With little fanfare and against a prevailing perception that private sector energy firms are looking warily at the West, Michigan-based CMS Energy last Wednesday announced it is opening a San Francisco office for its marketing, services and trading businesses, with a new director of western marketing operations, Laird Dyer, who was formerly with Enron and Pacific Gas Transmission in San Francisco.

“You really don’t need infrastruture any more (to be a player),” said a CMS Energy spokesperson, John Barnett.”Everything is open access, so you can move energy from one point to another through existing infrastructure.”

He noted that CMS is planning to build on its already existing presence in California through its energy services subsidiary, CMS Viron, that has a number of energy services performance contracting projects with large private- and public-sector customers in the state.

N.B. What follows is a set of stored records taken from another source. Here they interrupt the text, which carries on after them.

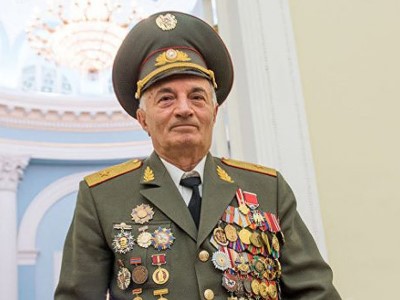 Armenians saying last goodbye to Arkady Ter-Tadevosyan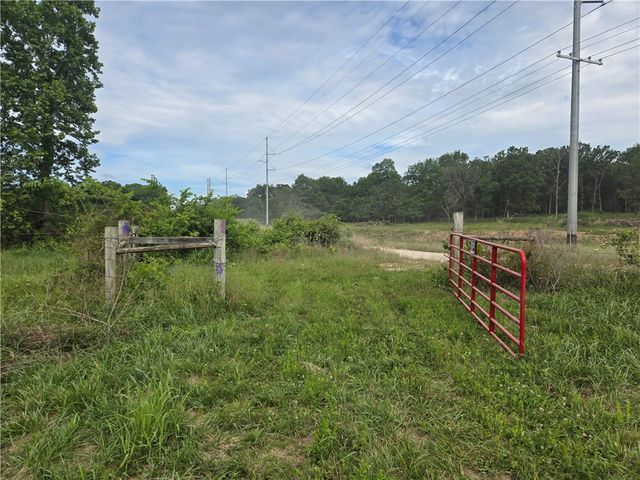 17681 Peterson Road, Gentry, AR 72734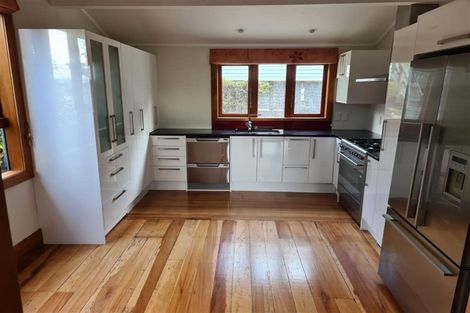 Photo of property in 25 Pinnacle Street, Seatoun, Wellington, 6022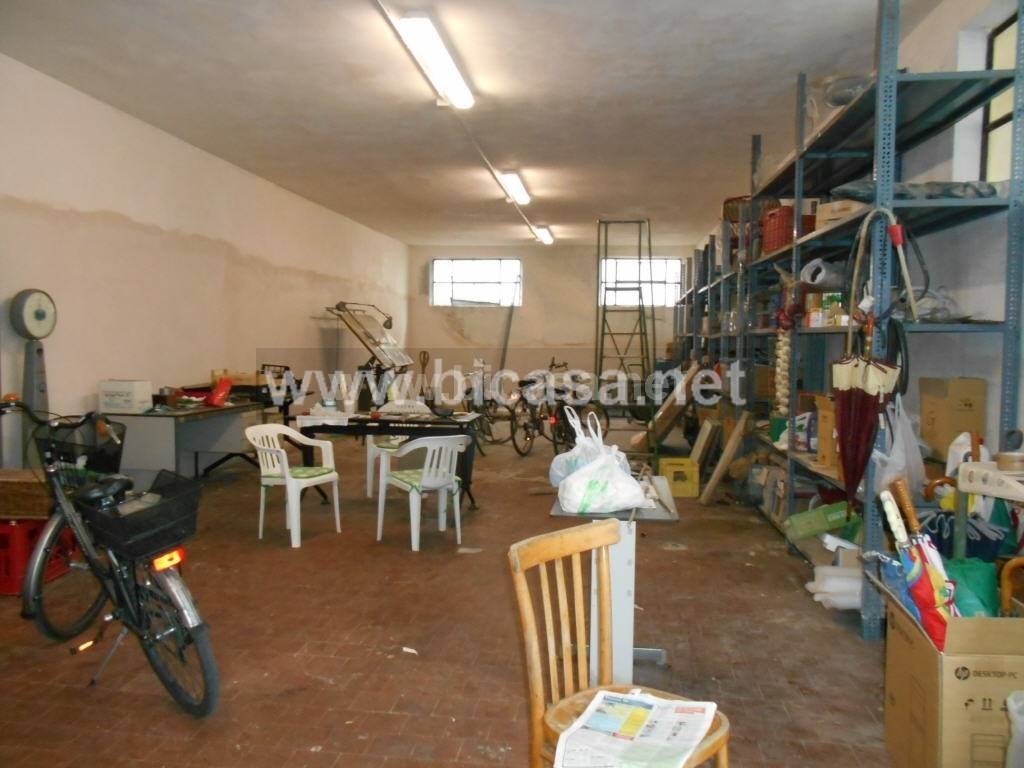 locale commerciale in vendita a Pesaro in zona Soria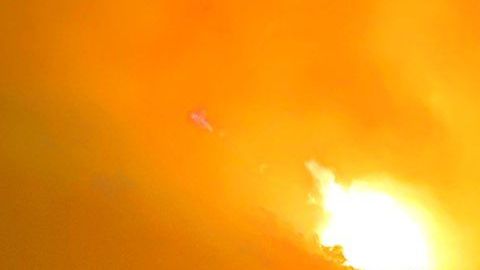 Las llamas se extienden hacia la carretera 154 esta madrugada al este de Painted Cave Road en el condado de Santa Barbara.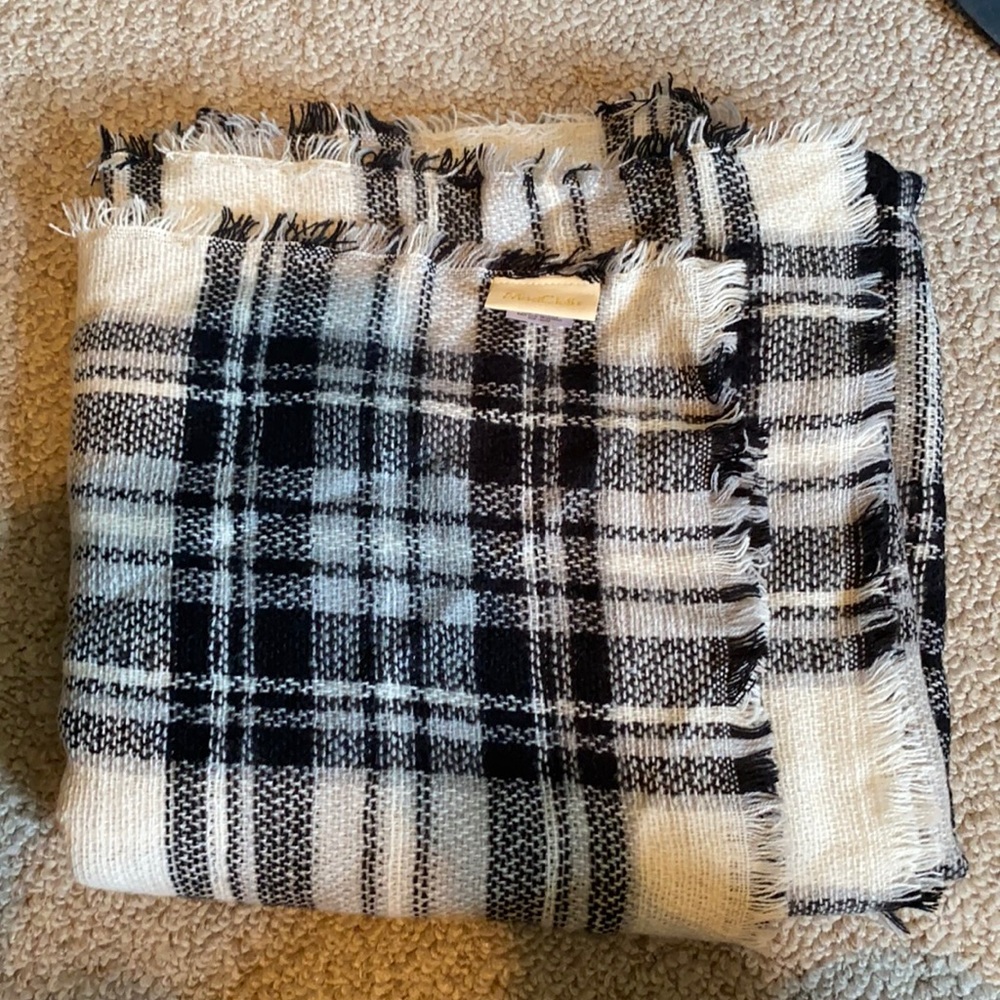 ModCloth Blanket Scarf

The exapnded CMS energy efforts will focus will be on both natural gas and electricity products.

CMS is a partner with San Diego-based Sempra Energy in a proposed liquefied natural gas (LNG) receiving terminal in north Baja in Mexico, 60 miles south of the U.S. border.

CMS Energy marketing, services and trading businesses “have grown significantly in the past year with a geographic focus in the Midwest around our corporate asset positions,” said Tamela Pallas, president of CMS Marketing Trading. “In the past few months, we have been expanding our commodity operations to the West Coast, building upon the leadership position of our energy performance contracting subsidiary, CMS Viron Energy Services.”

With $16 billion in assets, CMS Energy now markets 600 Bcf of physical natural gas supplies annually, 3.7 Tcf for financial supplies, 37,781 gWh of electricity, 31 million barrels of oil and 9 million barrels of liquids. The company is involved in various upstream and downstream parts of the energy business, including E&P, natural gas pipelines/storage and electricity generation.

CMS hired Dyer from Enron North America where he was a director involved in gas and power transactions. Previously he worked as a strategist for the PG&E Corp. interstate natural gas transmission pipeline unit in the Northwest and before that, with Amoco Production Co. in natural gas marketing.